Il nostro analista Filippo “Snake” Rizzo ci spiega i trucchetti su come giocare al meglio tre archetipi che vi torneranno utilissimi anche nelle Ranked!

Si tratta di liste abbastanza classiche per quel che concerne il meta di questa season e, proprio per questo motivo, di assoluta efficacia ed affidabilità. È chiaro l’intento di basare la propria line up su meccaniche aggro, approfittando delle difficoltà oggettive che avrebbero i mazzi control nel dotarsi di counter specifici in grado di poter contrastare in maniera generalizzata sia i murloc, che i pirati. Il rischio di incontrare i Granchi, è stato ponderato. Quante possibilità ci sono che il proprio avversario riesca effettivamente a trovare la risposta specifica contro quella specifica meccanica all’interno di quello specifico game? Poche. Per questo motivo il vantaggio di portare questi tre deck resta enorme rispetto a chi ha puntato a meccaniche più lente.

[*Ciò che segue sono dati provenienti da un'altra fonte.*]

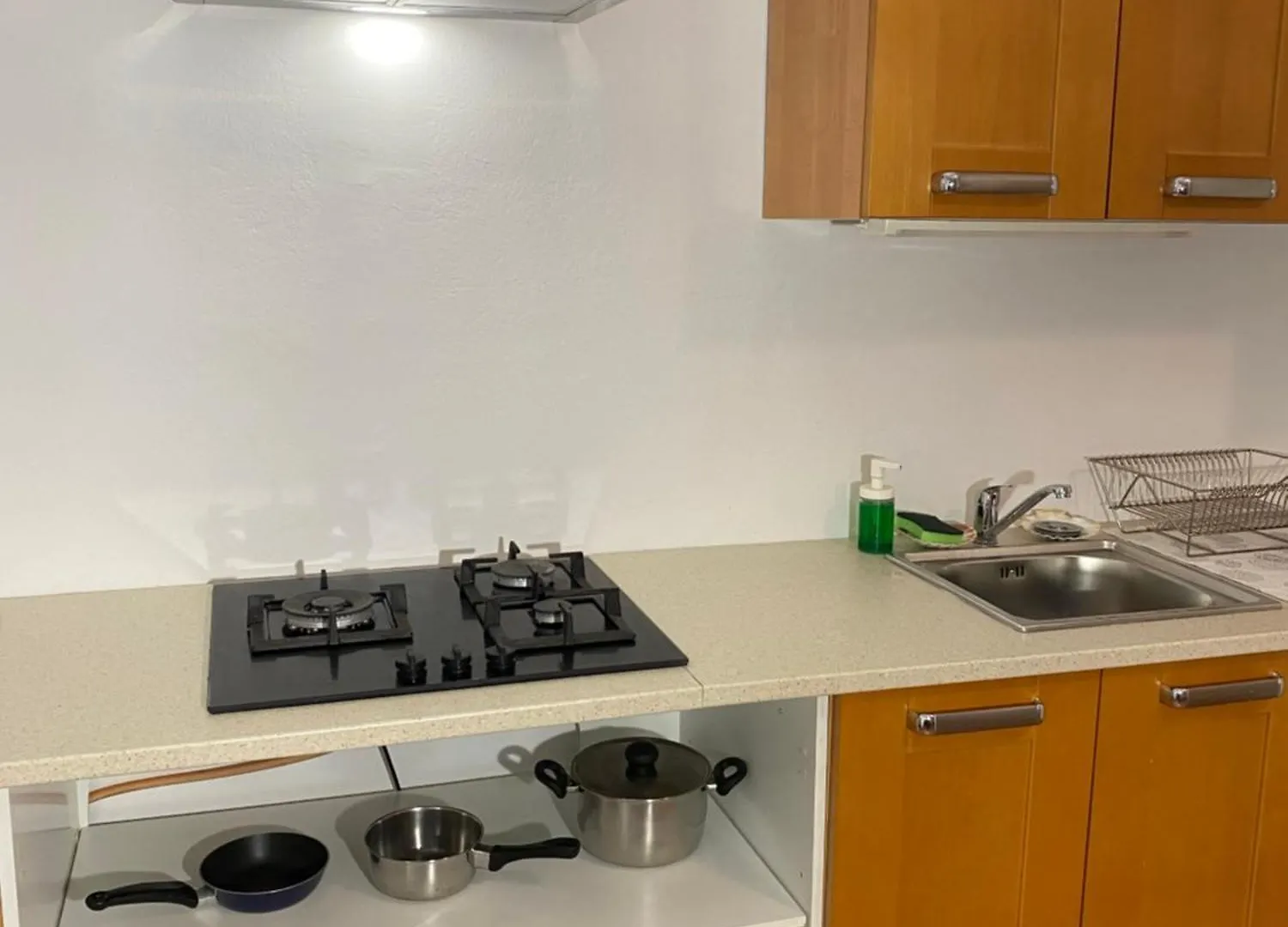Apartmán Apartamento La Trocha Con Barbacoa Coín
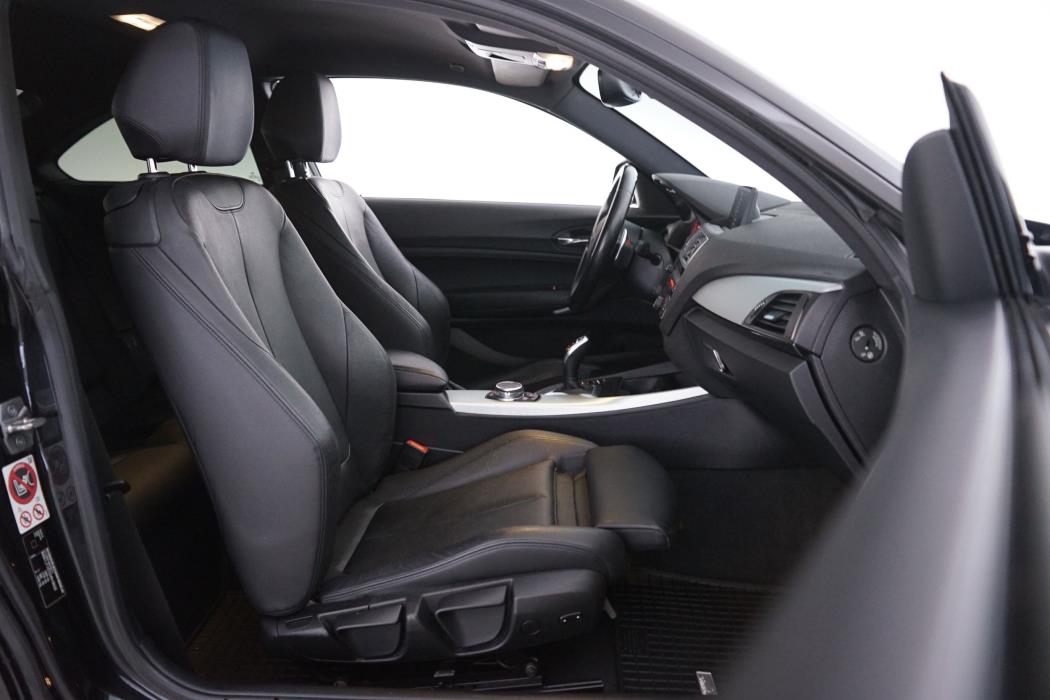 BMW 220 2016
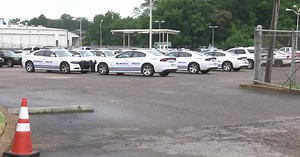 New task force works to fight auto thefts and carjackings in Memphis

Andiamo, però, ad analizzare una per una le liste che hanno portato Farinella ad aggiudicarsi questo torneo:

GUERRIERO PIRATA:

Rispetto alla lista composta quasi completamente da pirati che ha infestato il meta pre-Ungoro, questa si serve di alcune specifiche carte in grado di adattarsi meglio all’enorme numero di buone provocazioni che la nuova espansione ha portato con sé. Non a caso, infatti, troviamo inserito a 4 mana (al posto, magari, di una Corsara Naga) uno Spezzamagie: un silenziatore dotato di corpo interessante giocato per inibire minacce come la Cavalcatura Primordiale al turno 6 del Paladino, che rappresenta una condizione di sconfitta abbastanza rilevante per le meccaniche di armi e cariche del nostro orco filibustiere.

Colgo una “novità” importante nella scelta della Idra Aspramarea per il quinto turno. Servitore dal body imponente che chiude una partita se si controlla il tavolo al quarto turno.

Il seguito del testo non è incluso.